With settlement, as with so many other areas of policy, the government's only aspiration seems to be survival.
By JERUSALEM POST STAFF
The State of Israel officially informed Jerusalem's District Court last week that on direct instructions from the prime minister's and defense minister's offices, the Agan Ayalot project in Givat Ze'ev, north of Jerusalem, was hereby frozen.
The project could not be continued due to undertakings by Ehud Olmert and Ehud Barak, respectively, to halt all construction in all settlements. A fortnight earlier Olmert's veto prevented the completion of a new development at Ma'aleh Adumim, east of the capital.
In his most recent interview with The Jerusalem Post just a few weeks ago, Olmert strikingly spoke of Ma'aleh Adumim as an indivisible part of Jerusalem and Israel.
The Givat Ze'ev volte face is all the more dramatic given that, until a few weeks ago, government lawyers were seeking to prevent frustrated contractors from backing out of the project to construct 600 housing units at the Agan Ayalot site. The issue reached the courts because the project had effectively been stymied since the outbreak of the second Intifada in 2000. Contractors, who won costly tenders and invested in infrastructure and financial guarantees, sued the state for breach of contract. Lately, swayed by official assurances, some had resumed redevelopment and marketing apartments to individual home buyers.
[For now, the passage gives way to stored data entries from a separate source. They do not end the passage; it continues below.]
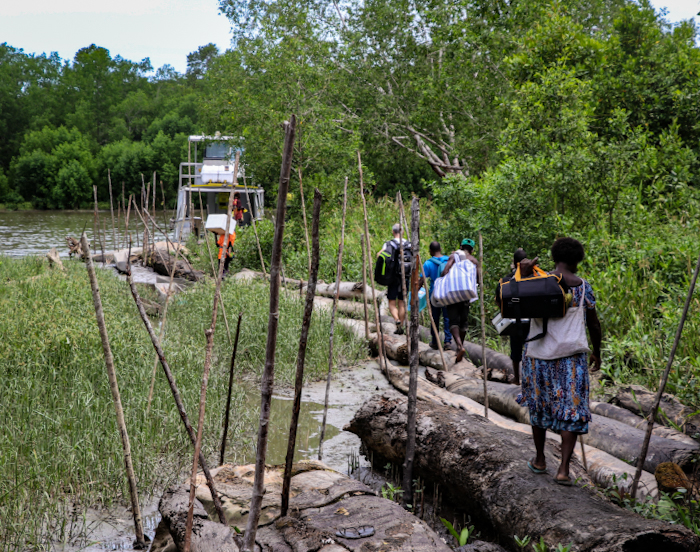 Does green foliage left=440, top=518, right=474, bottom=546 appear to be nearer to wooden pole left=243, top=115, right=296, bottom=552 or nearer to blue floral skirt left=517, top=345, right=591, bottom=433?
blue floral skirt left=517, top=345, right=591, bottom=433

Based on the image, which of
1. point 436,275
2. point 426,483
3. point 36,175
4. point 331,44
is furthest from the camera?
point 36,175

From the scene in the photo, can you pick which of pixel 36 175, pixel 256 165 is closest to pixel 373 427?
pixel 256 165

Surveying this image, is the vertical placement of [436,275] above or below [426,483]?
above

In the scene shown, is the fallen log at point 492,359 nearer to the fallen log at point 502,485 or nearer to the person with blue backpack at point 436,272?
the person with blue backpack at point 436,272

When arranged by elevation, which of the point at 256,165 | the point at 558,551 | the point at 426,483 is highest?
the point at 256,165

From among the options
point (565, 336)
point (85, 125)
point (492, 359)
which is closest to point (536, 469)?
point (565, 336)

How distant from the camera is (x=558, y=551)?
7.45ft

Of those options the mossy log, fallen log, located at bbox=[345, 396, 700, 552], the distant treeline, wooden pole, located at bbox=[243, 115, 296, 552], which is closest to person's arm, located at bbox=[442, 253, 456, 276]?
the mossy log

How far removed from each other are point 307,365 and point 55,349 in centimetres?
232

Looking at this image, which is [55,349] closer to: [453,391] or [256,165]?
[453,391]

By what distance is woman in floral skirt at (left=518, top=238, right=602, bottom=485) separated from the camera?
9.38 feet

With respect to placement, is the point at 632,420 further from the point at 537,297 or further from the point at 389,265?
the point at 389,265

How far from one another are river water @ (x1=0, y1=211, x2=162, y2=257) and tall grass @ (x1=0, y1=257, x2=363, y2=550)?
301 inches

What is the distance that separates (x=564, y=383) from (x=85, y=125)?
51466 mm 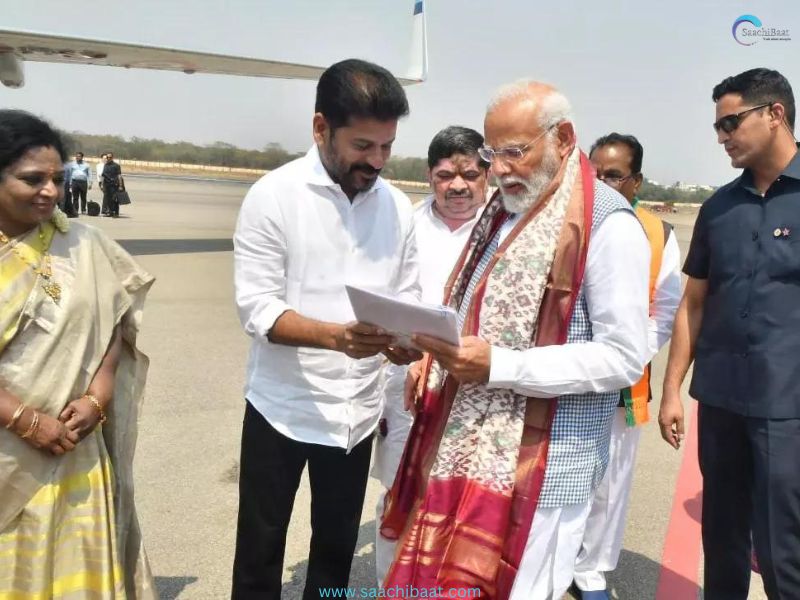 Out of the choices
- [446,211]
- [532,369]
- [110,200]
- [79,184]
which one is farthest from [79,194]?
[532,369]

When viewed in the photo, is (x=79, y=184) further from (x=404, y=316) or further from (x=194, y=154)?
(x=194, y=154)

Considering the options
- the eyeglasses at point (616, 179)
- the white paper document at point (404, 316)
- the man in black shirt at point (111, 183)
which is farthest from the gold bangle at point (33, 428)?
the man in black shirt at point (111, 183)

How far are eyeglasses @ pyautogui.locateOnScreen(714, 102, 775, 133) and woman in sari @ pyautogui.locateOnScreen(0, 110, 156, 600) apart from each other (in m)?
2.15

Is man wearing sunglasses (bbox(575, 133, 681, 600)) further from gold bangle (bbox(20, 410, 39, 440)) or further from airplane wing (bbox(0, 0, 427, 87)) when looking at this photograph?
airplane wing (bbox(0, 0, 427, 87))

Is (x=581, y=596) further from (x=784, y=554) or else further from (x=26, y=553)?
(x=26, y=553)

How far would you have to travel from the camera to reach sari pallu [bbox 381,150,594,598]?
166cm

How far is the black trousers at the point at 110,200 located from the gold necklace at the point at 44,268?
18.1 m

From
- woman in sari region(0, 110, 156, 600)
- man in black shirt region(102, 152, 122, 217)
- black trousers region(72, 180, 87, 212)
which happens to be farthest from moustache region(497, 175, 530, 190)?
black trousers region(72, 180, 87, 212)

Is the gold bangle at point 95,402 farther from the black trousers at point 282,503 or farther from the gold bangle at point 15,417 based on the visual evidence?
the black trousers at point 282,503

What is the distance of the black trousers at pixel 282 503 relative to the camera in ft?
7.00

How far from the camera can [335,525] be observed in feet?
7.53

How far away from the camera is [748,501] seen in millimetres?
2424

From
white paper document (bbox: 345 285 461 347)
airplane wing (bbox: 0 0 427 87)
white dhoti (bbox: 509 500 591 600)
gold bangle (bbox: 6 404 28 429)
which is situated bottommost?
white dhoti (bbox: 509 500 591 600)

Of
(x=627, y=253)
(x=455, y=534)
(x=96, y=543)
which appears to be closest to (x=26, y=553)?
(x=96, y=543) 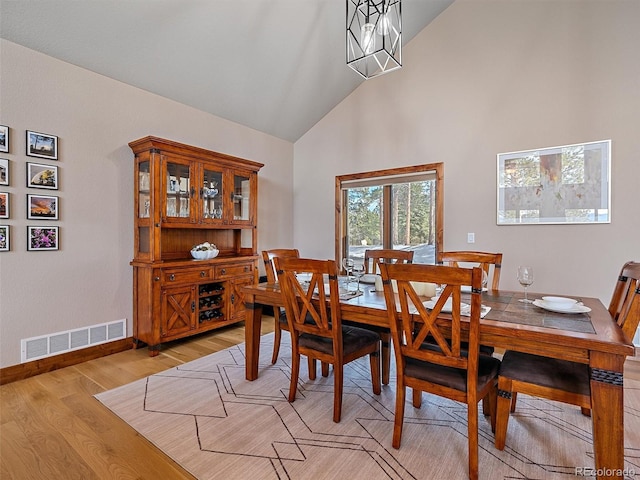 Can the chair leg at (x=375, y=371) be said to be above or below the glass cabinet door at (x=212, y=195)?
below

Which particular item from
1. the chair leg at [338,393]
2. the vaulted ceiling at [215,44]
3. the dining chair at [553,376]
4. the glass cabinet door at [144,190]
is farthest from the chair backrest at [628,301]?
the glass cabinet door at [144,190]

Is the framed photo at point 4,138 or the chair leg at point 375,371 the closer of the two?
the chair leg at point 375,371

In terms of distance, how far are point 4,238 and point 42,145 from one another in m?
0.79

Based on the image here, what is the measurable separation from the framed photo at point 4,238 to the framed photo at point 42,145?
0.60 meters

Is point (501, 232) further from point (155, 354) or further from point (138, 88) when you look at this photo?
point (138, 88)

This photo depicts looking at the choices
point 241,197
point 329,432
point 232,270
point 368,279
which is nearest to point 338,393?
point 329,432

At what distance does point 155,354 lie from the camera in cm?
308

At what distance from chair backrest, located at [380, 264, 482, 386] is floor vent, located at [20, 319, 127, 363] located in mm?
2776

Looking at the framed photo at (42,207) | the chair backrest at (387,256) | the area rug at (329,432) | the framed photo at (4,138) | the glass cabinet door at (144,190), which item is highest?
the framed photo at (4,138)

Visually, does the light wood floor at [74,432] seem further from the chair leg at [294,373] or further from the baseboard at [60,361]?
the chair leg at [294,373]

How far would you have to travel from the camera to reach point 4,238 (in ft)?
8.15

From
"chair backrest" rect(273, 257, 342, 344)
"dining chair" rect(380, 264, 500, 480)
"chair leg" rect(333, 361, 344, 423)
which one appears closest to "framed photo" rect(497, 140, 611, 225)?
"dining chair" rect(380, 264, 500, 480)

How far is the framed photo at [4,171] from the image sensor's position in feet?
8.10

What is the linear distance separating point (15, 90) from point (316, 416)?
325cm
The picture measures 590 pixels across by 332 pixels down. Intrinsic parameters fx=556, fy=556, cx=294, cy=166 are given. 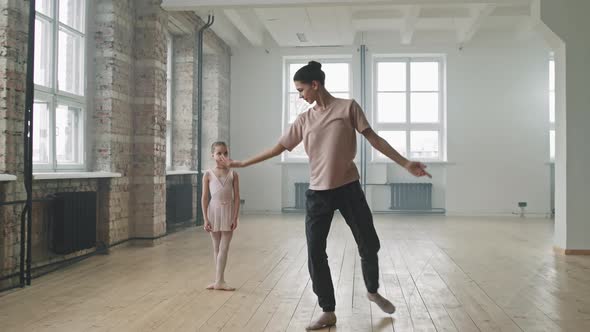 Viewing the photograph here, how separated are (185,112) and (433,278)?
242 inches

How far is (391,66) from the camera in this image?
12914 mm

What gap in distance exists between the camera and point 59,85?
617 cm

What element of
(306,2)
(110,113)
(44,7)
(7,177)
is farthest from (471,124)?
(7,177)

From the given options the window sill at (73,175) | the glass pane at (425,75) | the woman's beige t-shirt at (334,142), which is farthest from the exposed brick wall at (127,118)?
the glass pane at (425,75)

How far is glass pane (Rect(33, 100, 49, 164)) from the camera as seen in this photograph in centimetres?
567

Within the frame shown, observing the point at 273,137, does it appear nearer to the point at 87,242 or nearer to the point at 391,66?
the point at 391,66

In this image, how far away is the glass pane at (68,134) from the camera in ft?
20.2

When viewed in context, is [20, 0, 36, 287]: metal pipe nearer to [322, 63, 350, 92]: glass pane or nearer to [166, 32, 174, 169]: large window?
[166, 32, 174, 169]: large window

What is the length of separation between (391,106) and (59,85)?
828 centimetres

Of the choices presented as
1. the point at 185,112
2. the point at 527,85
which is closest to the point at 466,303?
the point at 185,112

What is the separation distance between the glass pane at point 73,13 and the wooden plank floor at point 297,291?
2738 millimetres

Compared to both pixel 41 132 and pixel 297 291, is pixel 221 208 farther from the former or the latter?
pixel 41 132

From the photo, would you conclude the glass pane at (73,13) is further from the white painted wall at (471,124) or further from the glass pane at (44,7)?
the white painted wall at (471,124)

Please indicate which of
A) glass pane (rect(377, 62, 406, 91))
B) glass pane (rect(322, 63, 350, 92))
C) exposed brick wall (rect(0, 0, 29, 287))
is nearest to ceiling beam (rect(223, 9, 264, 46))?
glass pane (rect(322, 63, 350, 92)) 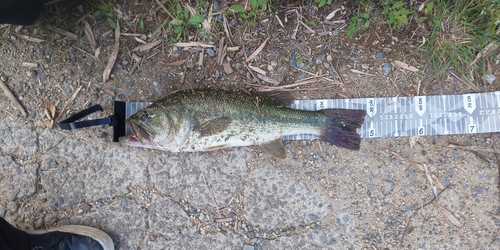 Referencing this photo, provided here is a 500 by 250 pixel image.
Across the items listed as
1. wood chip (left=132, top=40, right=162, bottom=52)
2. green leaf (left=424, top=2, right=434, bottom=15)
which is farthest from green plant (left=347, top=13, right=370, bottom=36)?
wood chip (left=132, top=40, right=162, bottom=52)

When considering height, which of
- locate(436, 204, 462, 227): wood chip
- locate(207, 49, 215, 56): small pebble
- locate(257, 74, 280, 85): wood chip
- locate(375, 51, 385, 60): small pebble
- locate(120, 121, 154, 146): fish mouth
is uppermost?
locate(207, 49, 215, 56): small pebble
Government attorneys stipulated to the court last month that "the state strongly believes in and backs this project, in which it has already invested NIS 100 million, completing the infrastructure and access roads in a manner that would facilitate the erection of apartment blocks and handing them over to full occupancy as soon as the construction is over. The state is committed to furthering this project and is not interested in terminating legal contracts with the builders."
But when the builders agreed to extend their about-to-expire contracts with the Housing Ministry, the state informed the court that the project was now suspended, under orders from the prime minister and defense minister.
The turnabout - both in semantics and policy - is hard to reconcile with the claims made both by Olmert and his predecessor, Ariel Sharon, that the Americans are sympathetic to the notion of Jerusalem-area settlements remaining under Israeli rule in a permanent accord with the Palestinians. Indeed it is frequently asserted that American sympathy for Israel's maintaining major West Bank settlement blocs is all but confirmed in US President George W. Bush's April 2004 letter to Sharon.
In that same recent interview with the Post, Olmert praised Bush precisely for subscribing to a vision of Israel's future based on "67 plus" - that is, a recognition that Israel's vital interests preclude a return to the pre-1967 borders. Yet Secretary of State Condoleezza Rice told this newspaper just before she and the president set out for their last visit to the region that even Har Homa, situated within Israeli-claimed sovereign Jerusalem, constitutes a settlement as far as the US is concerned.
More than 40 years after Israel captured the eastern half of the city and the West Bank in the Six-Day War, it is plain that this government, like all its predecessors, has failed to come up with a blueprint for vital settlement construction, follow it, and explain the logic to the international community.
The security and demographic imperative to maintain the settlement blocs in the Jerusalem area is compelling. The building project freezes at Ma'aleh Adumim and now Givat Ze'ev, however, suggest that the current government does not share this view and that the American administration's 2004 letter notwithstanding, rejects it too. Indeed, it seems plain that the freeze is a direct consequence of American pressure, amid Bush's accelerated 2008 countdown to a permanent Israeli-Palestinian accord.
At the same time, it should be noted, the government is demonstrating a parallel tendency to capitulation when it comes to the illegal West Bank outposts it has pledged repeatedly to dismantle. Month after month goes by, promises are gravely repeated, nothing happens on the ground, and the government's domestic and international credibility declines inexorably - in the process reducing any prospect of outside support for those settlement interests that are truly vital.
With settlement, as with so many other areas of policy, the government's only aspiration seems to be survival. And if survival means capitulating to American pressure one day, and pressure from the champions of the illegal outposts the next, so be it. The terrible consequence, of course, is the sacrificing of crucial Israeli interests along the way.